A destressed young-adult male sitting isolated on the floor. A shadow of a hand distorted from rheumatoid arthritis is cast on the wall behind him.

Expectations: Realizing The Isolation Felt With Having RA

Having RA is isolating, and that isolation hurts. It really does. It’s not that everyone has to hear about how I deal with RA and understand it; in reality, only people who have RA can access and understand the pain we go through. It’s just that I have become more aware of the ways in which the life I am leading at this moment is so very different from those around me.

Between the specialty medications structuring my calendar to fatigue and joint pain slowing down my days, RA has separated me from my peers. And I want to say that that isn’t a bad thing, but I’d be lying.

My life with RA is different from that of my peers

I never quite conceptualized how painful that separation was to me until writing this article now. One additional factor that might be impacting my feelings is how uncommon RA is for people my age. Being 22 (almost 23 now!) and having chronic, inflammatory arthritis is supposed to be oxymoronic. This isn’t supposed to happen.

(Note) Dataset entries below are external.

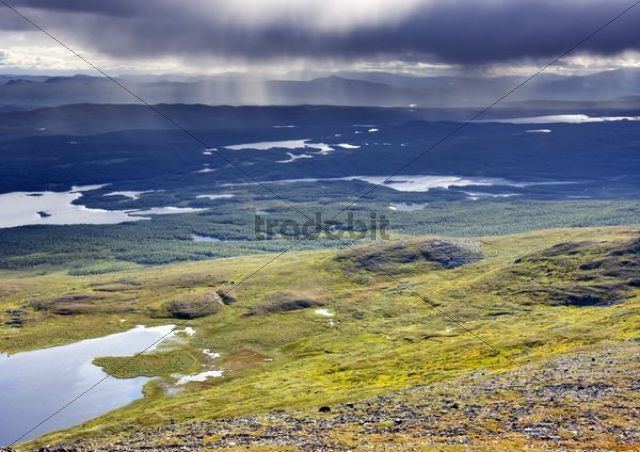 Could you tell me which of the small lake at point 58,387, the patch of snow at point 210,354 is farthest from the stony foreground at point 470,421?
the patch of snow at point 210,354

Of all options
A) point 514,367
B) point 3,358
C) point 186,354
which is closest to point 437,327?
point 186,354

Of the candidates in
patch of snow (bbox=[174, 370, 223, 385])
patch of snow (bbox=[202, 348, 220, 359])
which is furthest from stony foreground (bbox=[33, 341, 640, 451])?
patch of snow (bbox=[202, 348, 220, 359])

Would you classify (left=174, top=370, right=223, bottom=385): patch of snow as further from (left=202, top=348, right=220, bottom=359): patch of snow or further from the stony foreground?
the stony foreground

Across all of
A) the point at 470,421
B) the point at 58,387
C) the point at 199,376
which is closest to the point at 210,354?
the point at 199,376

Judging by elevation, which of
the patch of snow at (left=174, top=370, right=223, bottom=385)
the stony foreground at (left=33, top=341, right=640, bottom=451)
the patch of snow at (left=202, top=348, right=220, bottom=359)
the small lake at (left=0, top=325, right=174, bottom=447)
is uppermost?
the stony foreground at (left=33, top=341, right=640, bottom=451)

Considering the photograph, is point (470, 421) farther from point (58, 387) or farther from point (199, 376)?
point (58, 387)

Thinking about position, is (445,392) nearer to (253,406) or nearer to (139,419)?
(253,406) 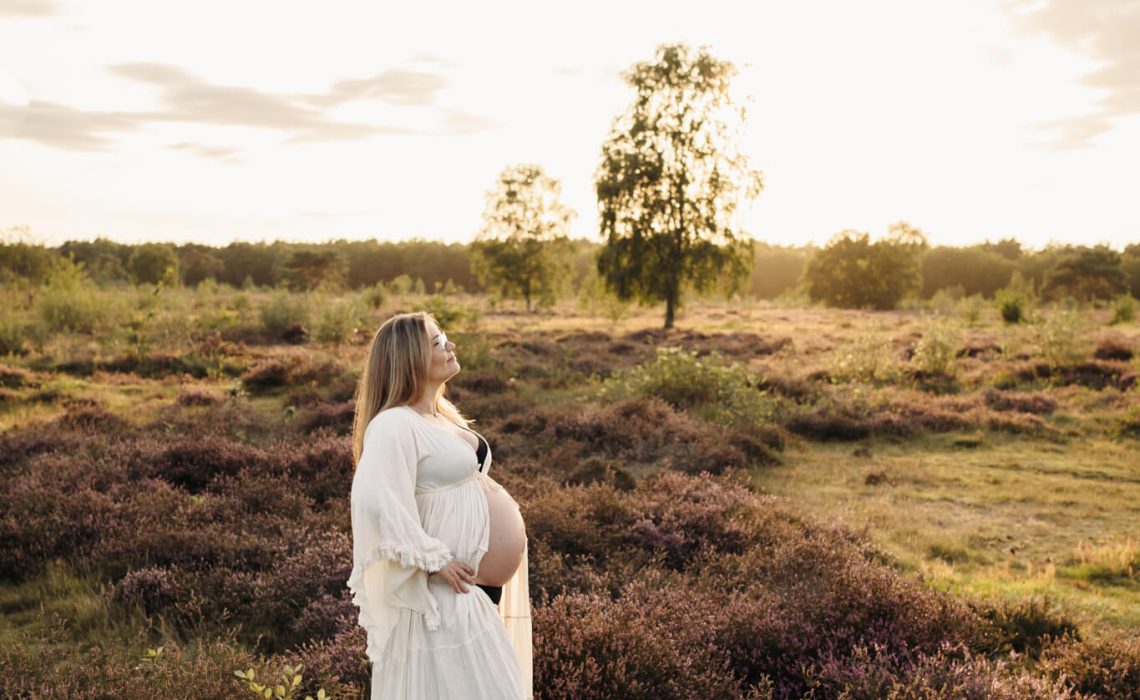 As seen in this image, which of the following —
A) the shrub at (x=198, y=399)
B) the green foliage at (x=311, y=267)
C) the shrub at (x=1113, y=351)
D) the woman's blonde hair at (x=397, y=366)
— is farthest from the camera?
the green foliage at (x=311, y=267)

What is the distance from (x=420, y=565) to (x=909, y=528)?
22.4 ft

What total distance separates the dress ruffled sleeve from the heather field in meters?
0.77

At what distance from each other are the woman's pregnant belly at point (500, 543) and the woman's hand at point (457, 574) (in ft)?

And talking about it and explaining it is really difficult because you have to walk this fine line between being vulnerable and recognizing that most people outside of your closest friends don’t really care about your RA.

Should I talk to others about my RA?

Who should know about my chronic illness?

I say that not to be mean but to genuinely ask: why should a random stranger care that I have this chronic illness? I used to think that everyone had to know about my condition and how I was doing but now I recognize that that is naïve and too trustworthy.

Managing my expectations when I talk to others about my RA

Something else I’ve realized in talking with people about my RA is that there isn’t really much they can say to comfort me, and that it’s wrong for me to place that expectation on someone when I divulge how I’m feeling. Instead, I need to give that validation to myself, to help myself not to feel so isolated. Expectations are premeditated resentments, and it’s time for me to let go of my own resentments toward my condition.

How do I keep my expectations in check?

At the same time, it’s one thing for me to write that sentence and to actually carry it over into my lived experience. Reconciling the expectations I place on myself and others first require a self-awareness of both my RA and how I’m communicating about my RA. For many other reasons, this is partly why I like to journal about how I’m doing with RA so that I can keep myself and my expectations in check.

People without RA do not understand RA

Moreover, I’ve seen many community members write that other people who don’t have RA will never know what it is like to have this condition, and this is absolutely correct. People without RA won’t understand the flares that we have, the pain that we feel, the difficulty of dealing with RA-specific specialty medications.

Quite frankly, I don’t want them to know. I don’t want them to have personally experience the pain that we go through, mostly because I don’t wish this disease on anyone! It’s horrible. It’s been the most difficult thing to deal with in my short 22 years of existence. And, no, it’s not okay that RA is in my life. It just is in my life now. That’s one expectation I am likely to keep.